Mary and I took a lift ride to a point about 2/3 up one of the 8 completed tower/spires (approx 70metres up). On completion there will be 13 towers – the tallest at 170m. The view was staggering. Then we perused the museum and walked in and out and around the cathedral a couple of times. And as one does when one discovers something “so just right” we would have been happy just to sit and stay and look in wonder like the thousands of others there, but we eventually headed home for a siesta and prepare to take the funiclar up Montjuic, to investigate the old fortress and gardens and overlook the end of the Barcelona festival fireworks from a highpoint.

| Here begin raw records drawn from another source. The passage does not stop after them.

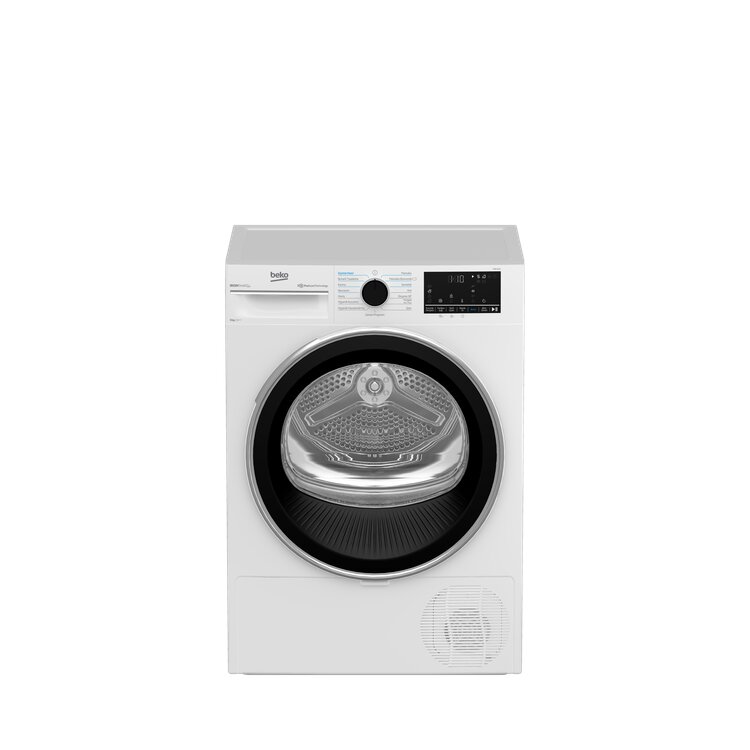 Beko KMB 900 I 9 kg Beyaz Çamaşır Kurutma Makinesi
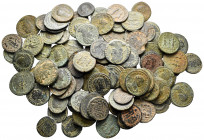 Lot of ca. 100 roman bronze coins / SOLD AS SEEN, NO RETURN!
very fine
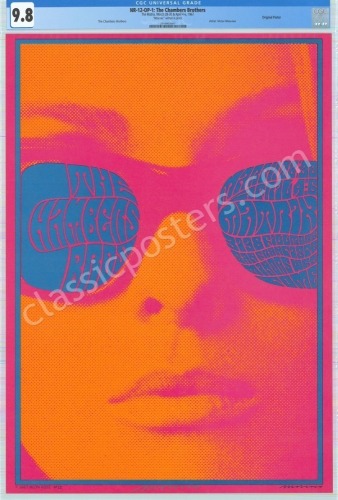 Signed and Certified NR-12 Sunglasses Poster
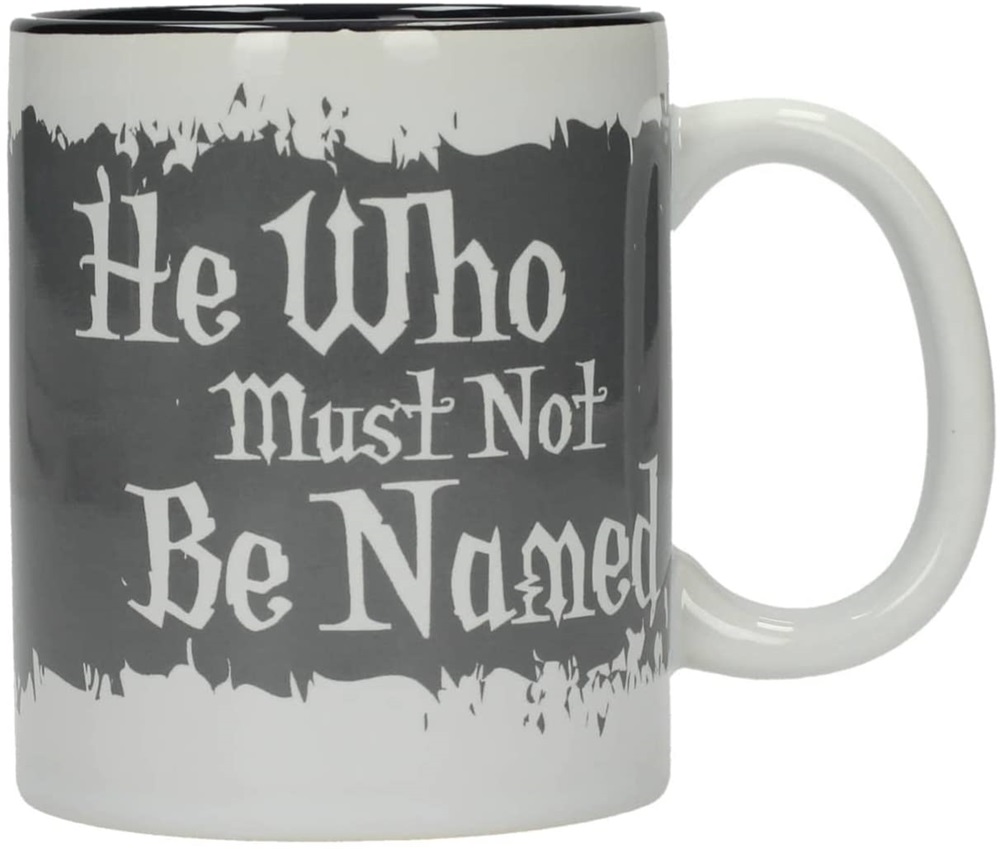 Harry Potter He Who Must Not Be Named bögre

The views from the telerific were spectacular and as it got darker there lights of Barcelona began to twinkle and sparkle. We wandered around Castell de Montjuic which has a grim history as a political prison and killing ground, but this evening it was full of families and young people taking part in teh Merce – the Barcelona Festival. There are magnificent views of all of Barcelona and the castell holds a strategic position, with views out to sea. Below the castell are lovely gardens that we thought of walking through, but instead took the telerific – an aerial carriage ride, a skyrail. We went back to near our hotel to seek out a restaurant recommended by Lonely Planet. Well worth the walk through the seedy side of Barcelona (well 50 metres of it) to get to Elche, which has been serving food since 1959. We had paella and fuedos (like paella, but using vermicelli instead of rice). As we left the restaurant we caught a glimpse of the fireworks that conclude the Merce. It was a lovely way to finish our interlude in Barcelona.